TOUS LES ACTES violents des mineurs ne doivent pas être considérés de la même manière, estime Maurice Berger. Le pédopsychiatre fait la différence entre deux sortes de violence, « au strict minimum ». L’incivilité, d’une part, quelle que soit sa gravité, « mais dans laquelle il n’y a pas d’atteinte aux personnes ». « Brûler une école ou une voiture est la manière de s’amuser de ces jeunes : ils ne savent pas jouer en faisant semblant, car leurs parents n’ont jamais joué avec eux dans leur jeune âge. Mais cela ne veut pas dire qu’ils feront plus tard des atteintes aux personnes ».
Il y a, d’autre part, le domaine des violences aux personnes pouvant aller jusqu’à la mort. « Ce sont souvent des enfants qui ont été soumis eux-mêmes à des traumatismes psychiques répétitifs avant l’âge de 2 ans, ce qu’on appelle la pathologie des traumatismes relationnels précoces, et qui ont mis en eux la violence d’adulte. » Cette violence, ils ont pu la subir directement mais également y assister, à travers les violences conjugales. « Actuellement, dans notre service, nous avons en moyenne sur l’année 60 % de mineurs d’origine maghrébine qui sont très violents et qui ont tous été soumis au spectacle de leur mère sévèrement battue par leur père », ajoute le praticien.
Si l’incivilité « peut être accessible à une prévention ou à une aide parentale », face à une violence subie répétitivement, il faut au contraire « décider rapidement un placement pour protéger le développement affectif de l’enfant ». Selon Maurice Berger, la loi du 5 mars 2007 réformant la protection de l’enfance n’est pas à la hauteur des enjeux. « Actuellement, la protection des enfants consiste en une aide à la parentalité d’intensité insuffisante. Sans axe directeur, elle évalue mal la dangerosité affective des situations dans lesquelles vivent les enfants. Quand les parents ne sont pas aidables, le dispositif ne place pas suffisamment tôt, ce qui ne signifie pas forcément placer plus d’enfants », nuance-t-il.
La contenance.
Au niveau de la prise en charge, il déplore qu’« en France, on ne pense qu’en termes d’éducation ou de répression : il nous manque un troisième axe fondamental qui est la contenance. Cette contenance consiste à empêcher un individu d’exercer des actes violents mais en même temps à écouter ce qu’il ressent, car c’est alors qu’il commence à penser au lieu d’agir. Dans notre service, on isole ou on contient parfois des jeunes. Mais on est à côté d’eux toutes les demi-heures pour les écouter. C’est comme ça qu’ils progressent. »

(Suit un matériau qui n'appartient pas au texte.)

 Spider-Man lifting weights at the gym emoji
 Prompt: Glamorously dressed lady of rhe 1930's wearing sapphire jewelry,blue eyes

Le Dr Berger souligne, par ailleurs, la constante confusion entre « autorité et abus d’autorité », relayée par les médias. « On sait que le psychisme de l’enfant a besoin de rencontrer une autorité pour s’organiser, pour ne pas être livré à ses pulsions. Mais dès que quelqu’un manifeste publiquement la nécessité de l’autorité, d’imposer des limites, il est tout de suite taxé d’excès d’autorité ou de vouloir retourner à "l’ordre moral" ». Il déplore que les efforts pour construire « une autorité saine » dans l’espace public soient systématiquement tournés en dérision.

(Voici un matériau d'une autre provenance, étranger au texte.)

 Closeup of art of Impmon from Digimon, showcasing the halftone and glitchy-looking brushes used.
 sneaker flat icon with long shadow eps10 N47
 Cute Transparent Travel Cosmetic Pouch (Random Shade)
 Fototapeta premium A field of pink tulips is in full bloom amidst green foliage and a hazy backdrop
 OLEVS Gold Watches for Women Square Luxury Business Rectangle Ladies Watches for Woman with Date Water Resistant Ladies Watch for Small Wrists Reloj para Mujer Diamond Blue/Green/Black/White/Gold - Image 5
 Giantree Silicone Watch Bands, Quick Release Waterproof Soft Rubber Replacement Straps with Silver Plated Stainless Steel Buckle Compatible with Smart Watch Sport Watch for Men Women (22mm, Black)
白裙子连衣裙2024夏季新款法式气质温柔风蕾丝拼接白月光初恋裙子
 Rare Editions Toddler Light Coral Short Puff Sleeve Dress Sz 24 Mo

Concernant la violence scolaire, Maurice Berger s’étonne « qu’on n’en ait pas parlé plus tôt. Actuellement nous n’avons plus aucun espace public qui ne soit pas contaminé par la violence. Dans le service, nous accueillons aussi des enfants non violents qui ont une personnalité fragile. À Saint-Étienne, pour eux, on ne trouve presque plus de classes calmes parmi les classes d’inclusion scolaire (CLIS) en primaire ou, en secondaire, les sections d’enseignement général et professionnel adapté (SEGPA). On demande aux enseignants de régler les problèmes de la société. Mais ce n’est pas leur fonction. Leur travail, c’est de faire de la pédagogie adaptée, ce qui est déjà difficile, et d’apprendre aux enfants à vivre en groupe. C’est pour cela que je suis totalement d’accord avec l’apprentissage de la morale, qui vise à rétablir l’identification à autrui. Le rôle des enseignants ne consiste pas à éduquer des enfants violents. C’est, en premier lieu, le rôle des parents ».